Answer to Problem 1MCQ
Option b. Inventory turnover is not included in the DuPont analysis of return on equity (ROE).
Explanation of Solution
DuPont analysis of return on equity (ROE):
The DuPont ratio is one of the popular methods for analyzing performance and ratios. The DuPont ratio was derived by the Corporation D for measuring the performance of the entity in the form of return on equity ratio. The DuPont analysis breaks the return on equity into three different types of ratios which are:
- Profit margin or profitability
- Asset turnover or activity ratio
- Financial leverage or solvency ratio
Justification for correct and incorrect answer:
a.
Asset turnover: This is not the correct choice as the asset turnover is one of the components which are included in the DuPont analysis of return on equity (ROE).
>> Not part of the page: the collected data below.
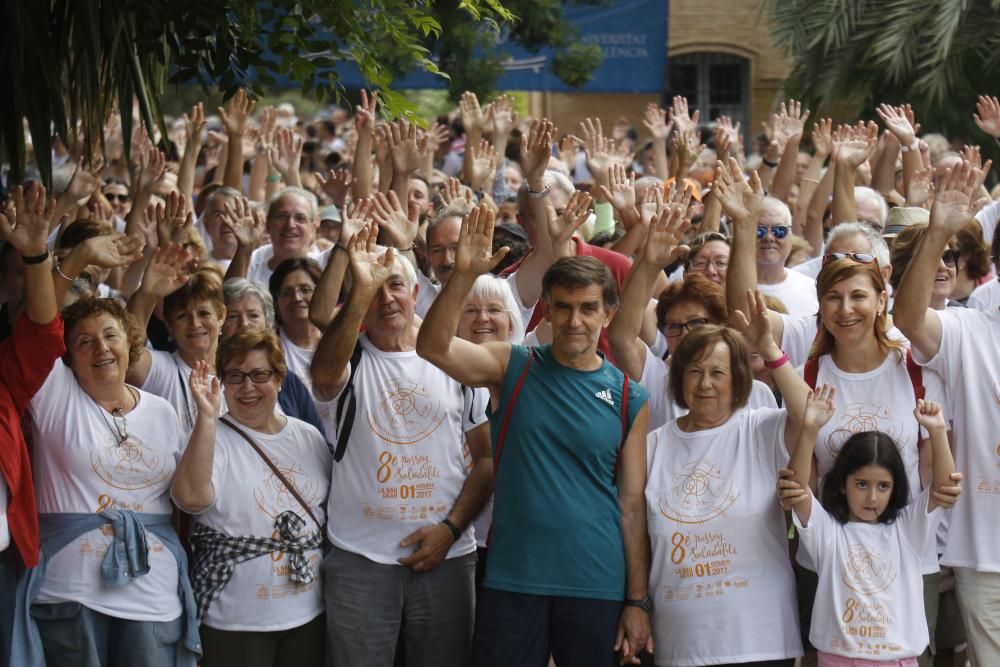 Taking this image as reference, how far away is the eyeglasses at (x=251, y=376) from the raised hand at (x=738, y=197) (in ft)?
5.99

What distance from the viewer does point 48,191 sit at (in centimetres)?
532

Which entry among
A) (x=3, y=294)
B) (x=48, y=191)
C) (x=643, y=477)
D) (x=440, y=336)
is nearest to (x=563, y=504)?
(x=643, y=477)

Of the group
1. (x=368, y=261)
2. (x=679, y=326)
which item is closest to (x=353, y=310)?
(x=368, y=261)

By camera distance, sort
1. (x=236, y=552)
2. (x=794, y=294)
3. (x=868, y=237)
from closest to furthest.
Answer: (x=236, y=552) → (x=868, y=237) → (x=794, y=294)

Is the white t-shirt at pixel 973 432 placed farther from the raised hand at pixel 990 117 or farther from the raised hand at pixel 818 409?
the raised hand at pixel 990 117

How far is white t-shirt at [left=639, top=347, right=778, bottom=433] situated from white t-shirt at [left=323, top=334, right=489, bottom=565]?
29.5 inches

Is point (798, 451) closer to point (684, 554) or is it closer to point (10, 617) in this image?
point (684, 554)

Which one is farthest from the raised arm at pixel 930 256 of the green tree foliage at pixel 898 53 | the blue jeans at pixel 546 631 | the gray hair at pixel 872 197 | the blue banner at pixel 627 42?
the blue banner at pixel 627 42

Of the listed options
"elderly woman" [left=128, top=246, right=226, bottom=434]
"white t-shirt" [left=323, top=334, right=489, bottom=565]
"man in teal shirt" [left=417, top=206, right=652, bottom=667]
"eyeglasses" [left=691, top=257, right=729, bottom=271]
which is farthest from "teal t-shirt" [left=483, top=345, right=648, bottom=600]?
"eyeglasses" [left=691, top=257, right=729, bottom=271]

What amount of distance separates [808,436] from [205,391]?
2039 millimetres

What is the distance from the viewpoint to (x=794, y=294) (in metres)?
6.71

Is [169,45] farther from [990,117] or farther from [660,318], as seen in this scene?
[990,117]

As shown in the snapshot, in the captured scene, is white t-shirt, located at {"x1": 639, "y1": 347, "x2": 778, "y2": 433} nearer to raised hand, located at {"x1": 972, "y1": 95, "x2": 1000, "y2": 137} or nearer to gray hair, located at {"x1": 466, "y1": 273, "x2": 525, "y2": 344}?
gray hair, located at {"x1": 466, "y1": 273, "x2": 525, "y2": 344}

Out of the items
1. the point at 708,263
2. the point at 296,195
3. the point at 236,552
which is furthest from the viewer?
→ the point at 296,195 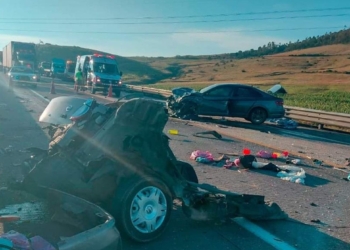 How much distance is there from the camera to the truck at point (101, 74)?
33.1 meters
It denotes the operating leverage.
b.
Inventory turnover: This option is the correct option because the inventory turnover ratio is not one of the components which are included in the DuPont analysis of return on equity (ROE).
c.
Financial leverage: This option is incorrect because the financial leverage is one of the components which are included in the DuPont analysis of return on equity (ROE). It denotes the solvency of the organization.
d.
Profit margin: This is an incorrect option because the profit margin is included in the DuPont analysis which is used for the profitability of the entity.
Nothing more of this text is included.